Site icon Inspirasi Muslimah

Begini Cara Jadi Ayah Bunda Kekinian

ayah bunda

Kita tidak membimbing anak kita membaca doa sebelum tidur? Itu adalah stadium awal kegagalan kita menjadi orang tua. Kita tak pernah perhatian pada setiap aspek berkehidupan pada anak-anak? Sudah jelas itu masuk stadium lanjut kemiskinan nilai kita sebagai orang tua.

Gagal Kita Menjadi Orang Tua.

Mari evaluasi diri. Seberapa sering anak tertidur di depan TV (yang menyala) atau anak kelelahan bermain gadget lalu terlelap? Seberapa sering pula anak terlelap di pangkuan Ayah Bunda setelah dibimbing berdoa? Lebih-lebih anak-anak tidur lelap setelah dihantarkan dengan cerita inspirasi tokoh teladan atau dongeng penggugah jiwa Ananda menjelang tidurnya.

Jika ternyata ananda lebih sering kelelehan lalu terlelap tidur di depan TV atau penat lalu tidur sambil memegang gadget, berarti kita—orang tua—telah gagal menjadi orang tua.

Selain doa tidur, ajarkan juga doa yang lain. Doa sebelum makan, sebelum belajar, doa mandi, dan dan semacamnya.
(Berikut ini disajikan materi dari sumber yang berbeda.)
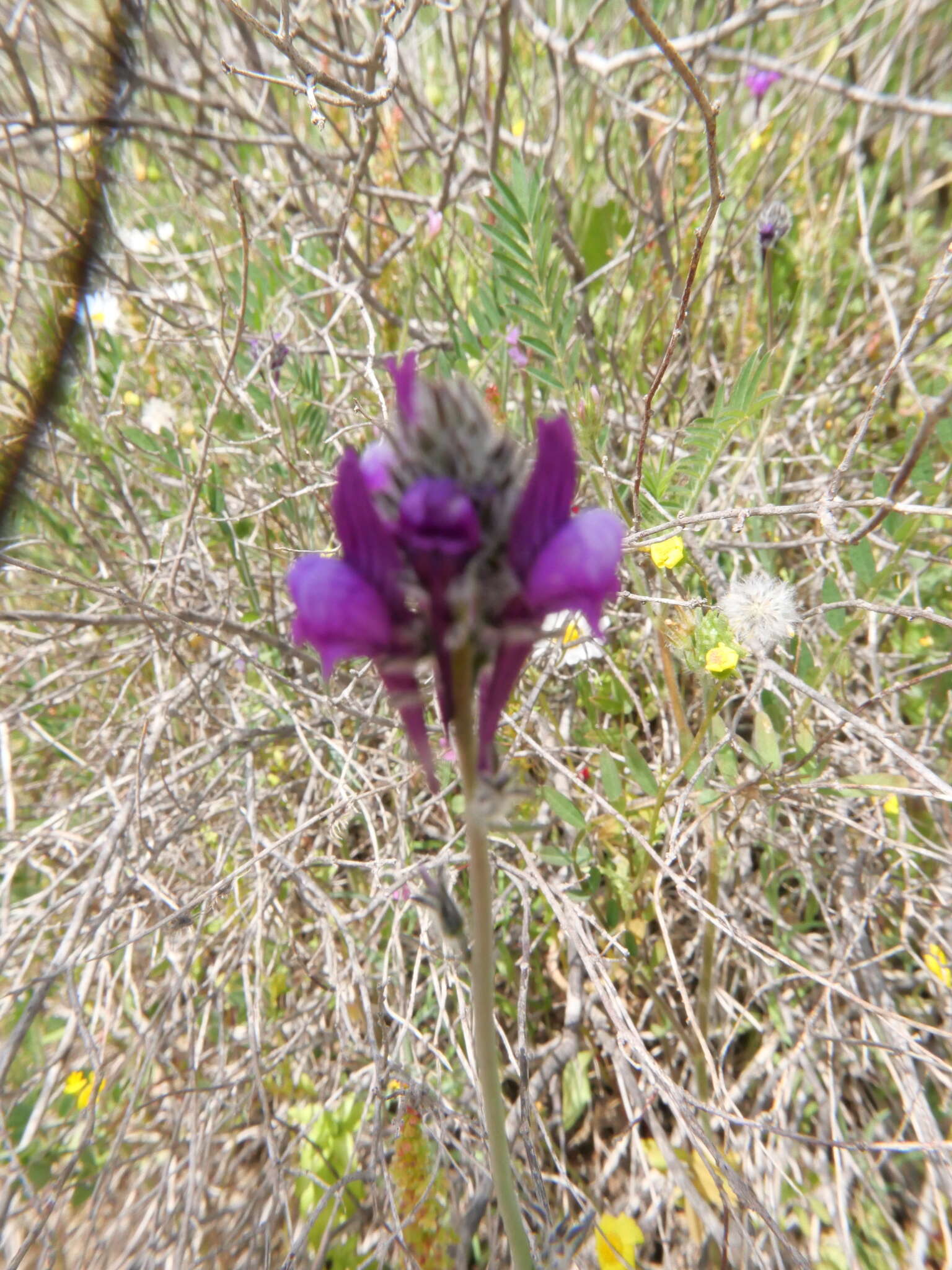 Image of Linaria joppensis Bornm.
Sudah kita mengajarakan dan membimbing anak-anak kita wahai orangtua? Mari berbenah. Bersama-sama dan saling ingat-mengingatkan dalam kebaikan dan kesabaran. Sungguh yang nulis ini pun masih belajar. Ini hanya untuk saling mengingatkan kita semua.
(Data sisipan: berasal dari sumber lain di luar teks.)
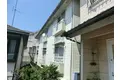 ウッディ6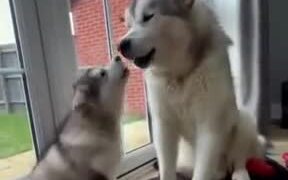 Father And Son Doggo Share A Moment Howling - Animals - VIDEOTIME.COM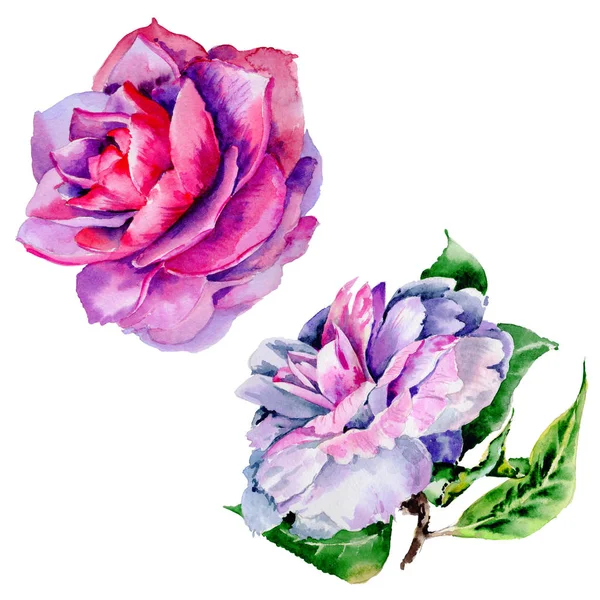 Kır çiçeği Şakayık, izole bir suluboya tarzında camelia çiçek.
Wahai Ayah Bunda, jangan abai dalam mendidik dan membimbing putra-putrinya. Bersusah payahlah demi anak. Demi masa depan gemilangnya. Orang tua mendidik anak tujuannya harus tingkat tinggi. Anak harus diproyeksikan menjadi manusia unggul dan posisinya beberapa langkah lebih gemilang dari kondisi orangtuanya saat ini. Bila proyeksi anak akan dibentuk sama dengan kita (orang tua) hari ini, atau kita memasang target minimal dalam mendidik anak, sudah gagal kita menjadi orang tua. Apalagi yang tak punya proyeksi apapun. Celakalah!
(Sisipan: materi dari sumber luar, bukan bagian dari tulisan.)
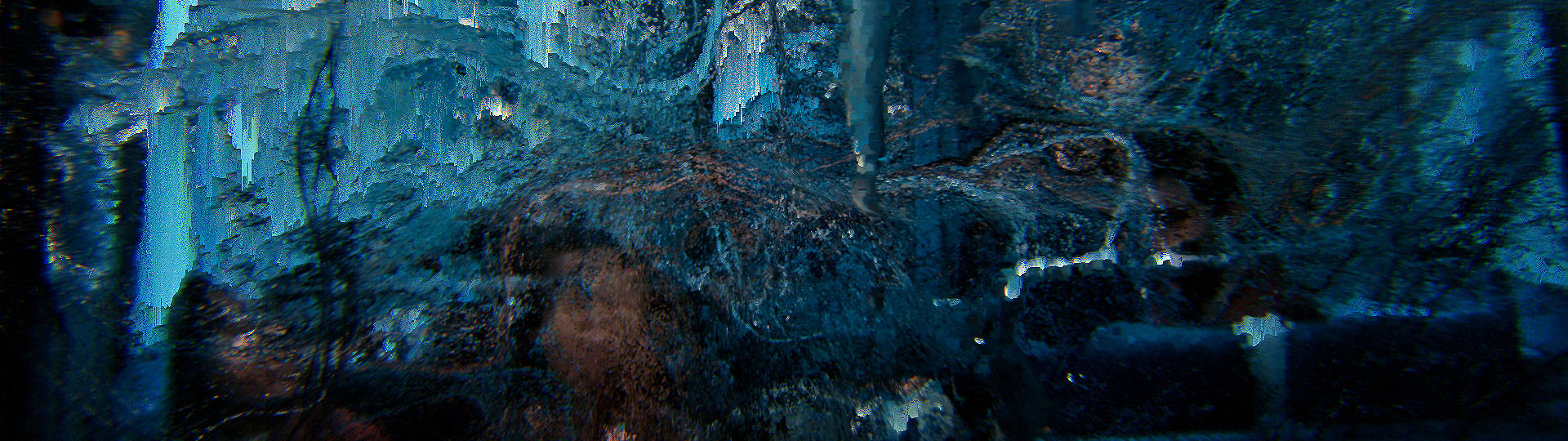 First Contact_Banner_5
Anak harus jauh lebih baik dari kita orang tuanya. Lebih lembut hatinya, lebih cerdas, lebih luwes, lebih sabar, lebih taat kepada Allah Tuhan Yang Maha Esa, lebih luas koneksi persahabatannya, lebih tinggi wawasannya, lebih banyak kebermanfaatannya untuk umat bangsa dan negara, serta keunggulan-keunggulan lainnya.

Mendidik anak kalau ala kadarnya akan terwujud masa depan anak yang ala kadarnya. Tapi bila mendidik dengan sepenuh jiwa, dengan luar biasa, maka anak akan tumbuh dan berkembang menjadi manusia luar biasa pula. Kita harus menjadi uswatun hasanah, suri tauladan mulia pada anak-anak. Yang sehat hati dan sehat badannya setiap saat setiap hari. Selalu ceria dan selalu menginspirasi anak. Orang tua harus jadi panutan. Jadi idola anak. Adanya disayang tiadanya dirindukan.

Orang Tua Harus Mengajak Anak-anaknya Beribadah (BerTuhan).

Ajak mereka ke tempat ibadah. Ke masjid atau ke tempat ibadah lainnya sesuai agama kepercayaan masing-masing. Agama anak harus beres sejak dini dan sejak di rumah. Tunjukkan cara beriman dan bertaqwa kepada Tuhan. Bukan sebaliknya, menunjukkan kepada kemaksiatan.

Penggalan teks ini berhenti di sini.